- [What you will do]
Starting from the line containing "Happy New Year Nails Design", give again every line through the end of the entries, word for word. Pictures stay out of the copy.

BEGIN Records to use

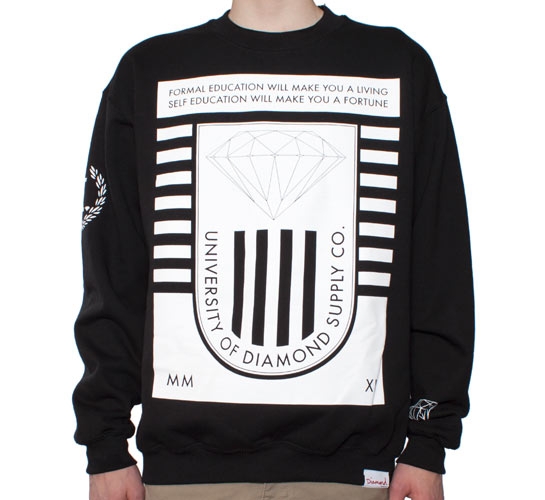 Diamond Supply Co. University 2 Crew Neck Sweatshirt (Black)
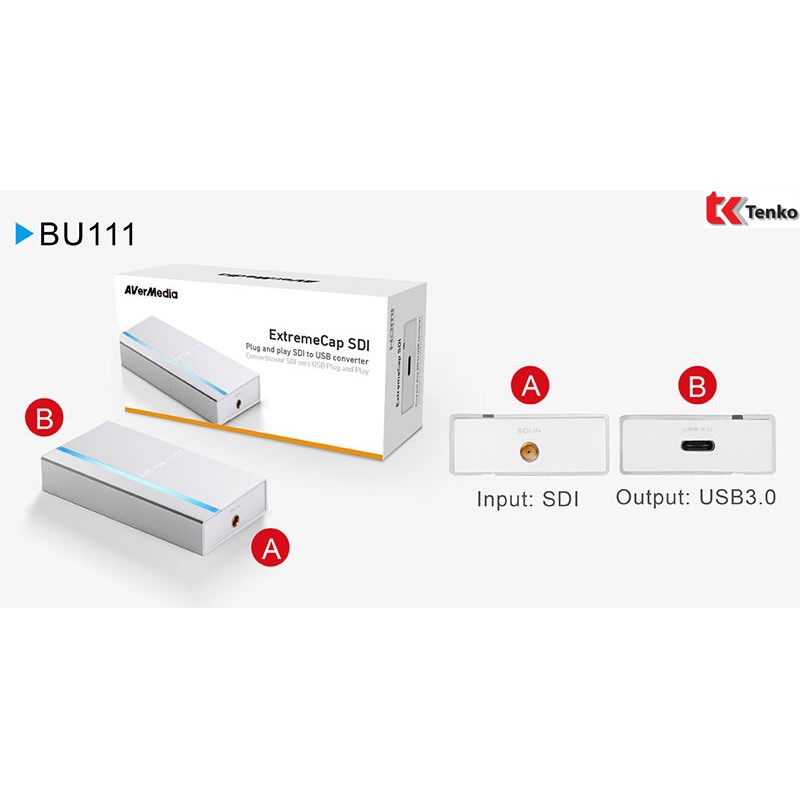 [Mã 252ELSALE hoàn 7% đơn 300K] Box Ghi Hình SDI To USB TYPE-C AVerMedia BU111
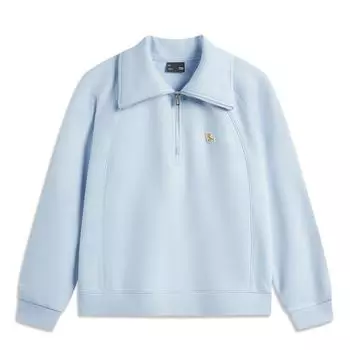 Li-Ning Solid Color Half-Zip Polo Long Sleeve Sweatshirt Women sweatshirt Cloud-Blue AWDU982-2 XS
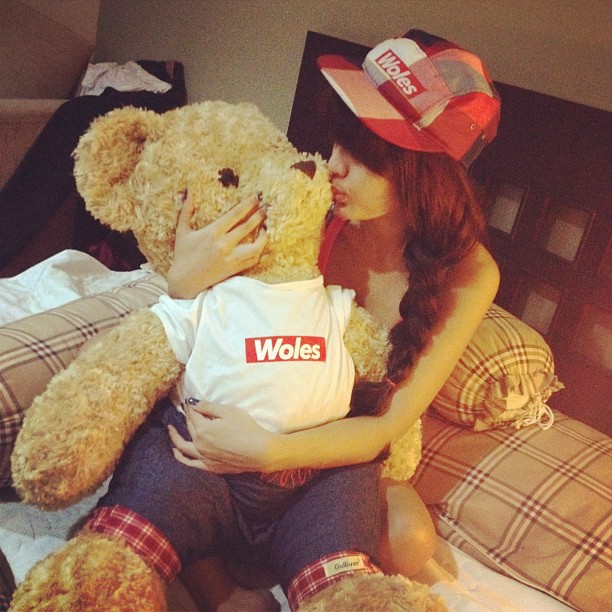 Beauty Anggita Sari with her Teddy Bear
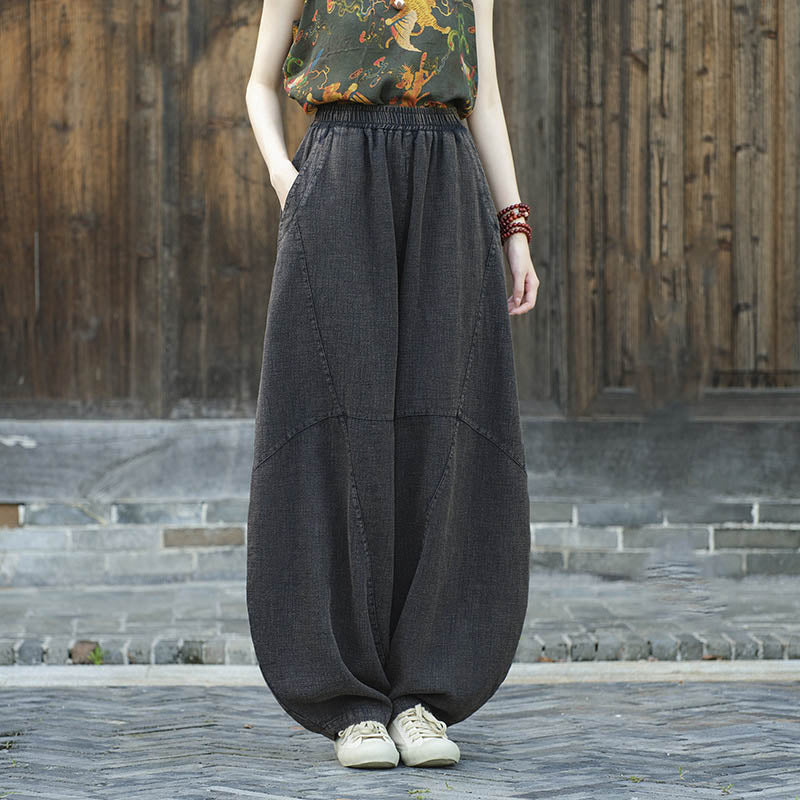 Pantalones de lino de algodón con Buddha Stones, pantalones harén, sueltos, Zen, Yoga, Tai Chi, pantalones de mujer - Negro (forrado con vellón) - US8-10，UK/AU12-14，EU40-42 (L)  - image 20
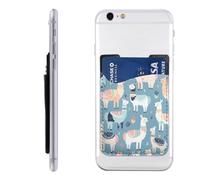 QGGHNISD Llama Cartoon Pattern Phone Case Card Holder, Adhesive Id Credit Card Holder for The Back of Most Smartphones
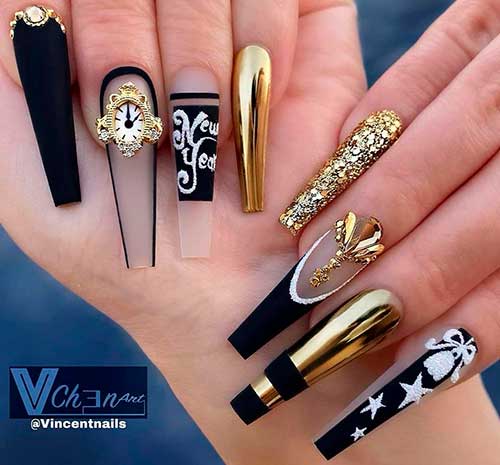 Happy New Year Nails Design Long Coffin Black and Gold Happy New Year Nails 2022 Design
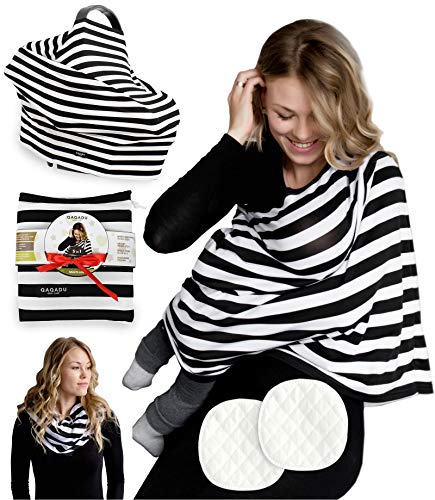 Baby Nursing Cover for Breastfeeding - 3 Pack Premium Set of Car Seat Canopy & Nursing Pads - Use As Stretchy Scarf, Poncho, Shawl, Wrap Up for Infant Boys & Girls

END Records to use

- [Result of the task]
 Happy New Year Nails Design Long Coffin Black and Gold Happy New Year Nails 2022 Design
 Baby Nursing Cover for Breastfeeding - 3 Pack Premium Set of Car Seat Canopy & Nursing Pads - Use As Stretchy Scarf, Poncho, Shawl, Wrap Up for Infant Boys & Girls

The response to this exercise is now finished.